= T-function =

Mathematical function used in cryptography

VEST-4 T-function followed by a transposition layer

In cryptography, a T-function is a bijective mapping that updates every bit of the state in a way that can be described as $x_i' = x_i + f(x_0, \cdots, x_{i-1})$, or in simple words an update function in which each bit of the state is updated by a linear combination of the same bit and a function of a subset of its less significant bits. If every single less significant bit is included in the update of every bit in the state, such a T-function is called triangular. Thanks to their bijectivity (no collisions, therefore no entropy loss) regardless of the used Boolean functions and regardless of the selection of inputs (as long as they all come from one side of the output bit), T-functions are now widely used in cryptography to construct block ciphers, stream ciphers, PRNGs and hash functions. T-functions were first proposed in 2002 by A. Klimov and A. Shamir in their paper "A New Class of Invertible Mappings". Ciphers such as TSC-1, TSC-3, TSC-4, ABC, Mir-1 and VEST are built with different types of T-functions.

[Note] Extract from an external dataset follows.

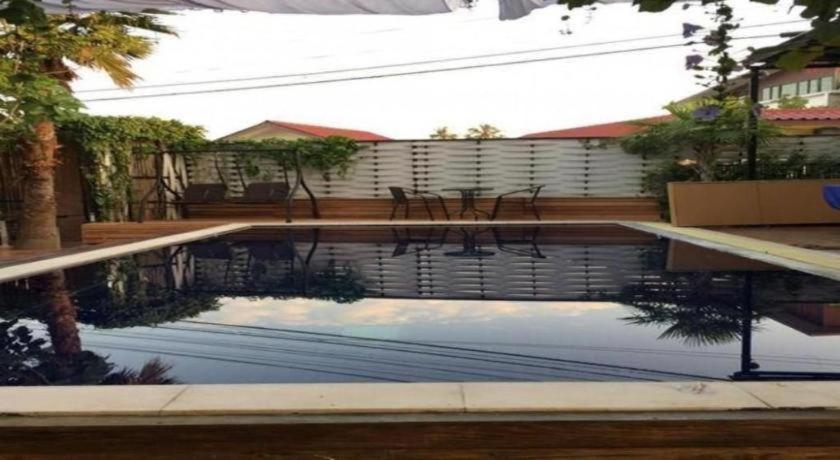 Oyo 271 The Resort Romklao Bangkok Luaran gambar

Because arithmetic operations such as addition, subtraction and multiplication are also T-functions (triangular T-functions), software-efficient word-based T-functions can be constructed by combining bitwise logic with arithmetic operations. Another important property of T-functions based on arithmetic operations is predictability of their period, which is highly attractive to cryptographers. Although triangular T-functions are naturally vulnerable to guess-and-determine attacks, well chosen bitwise transpositions between rounds can neutralize that imbalance. In software-efficient ciphers, it can be done by interleaving arithmetic operations with byte-swapping operations and to a small degree with bitwise rotation operations. However, triangular T-functions remain highly inefficient in hardware.

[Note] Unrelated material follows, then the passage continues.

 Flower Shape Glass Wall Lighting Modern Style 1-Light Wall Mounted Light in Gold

T-functions do not have any restrictions on the types and the widths of the update functions used for each bit. Subsequent transposition of the output bits and iteration of the T-function also do not affect bijectivity. This freedom allows the designer to choose the update functions or S-boxes that satisfy all other cryptographic criteria and even choose arbitrary or key-dependent update functions (see family keying).

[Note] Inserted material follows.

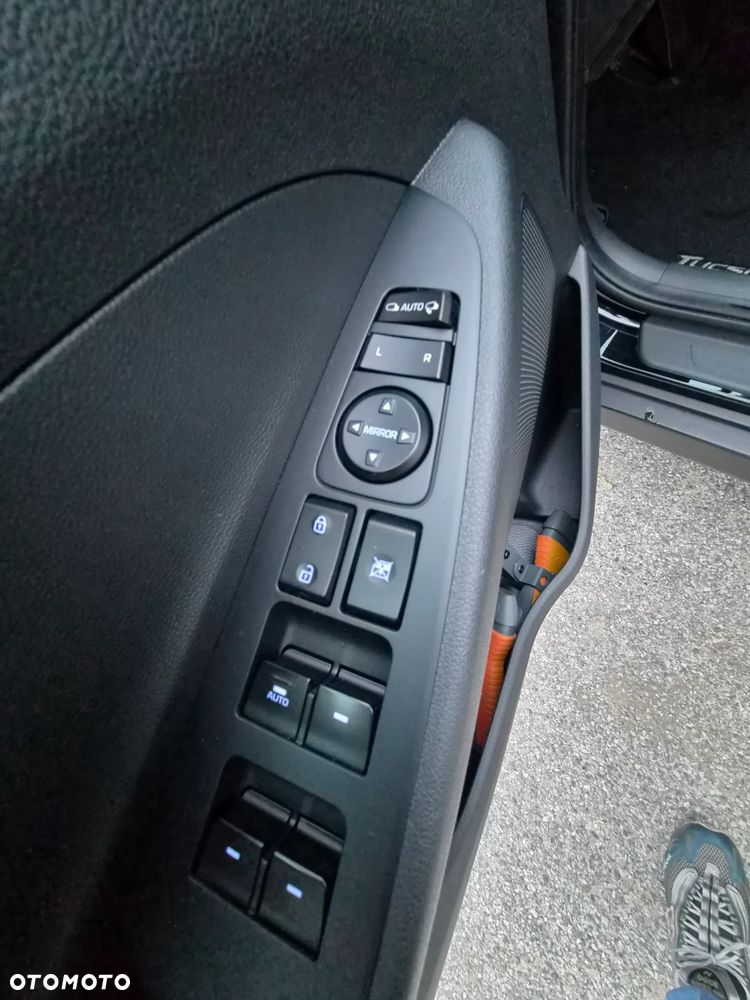 Hyundai Tucson blue 1.6 GDi 2WD Navi - 27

Hardware-efficient lightweight T-functions with identical widths of all the update functions for each bit of the state can thus be easily constructed. The core accumulators of VEST ciphers are a good example of such reasonably light-weight T-functions that are balanced out after 2 rounds by the transposition layer making all the 2-round feedback functions of roughly the same width and losing the "T-function" bias of depending only on the less significant bits of the state.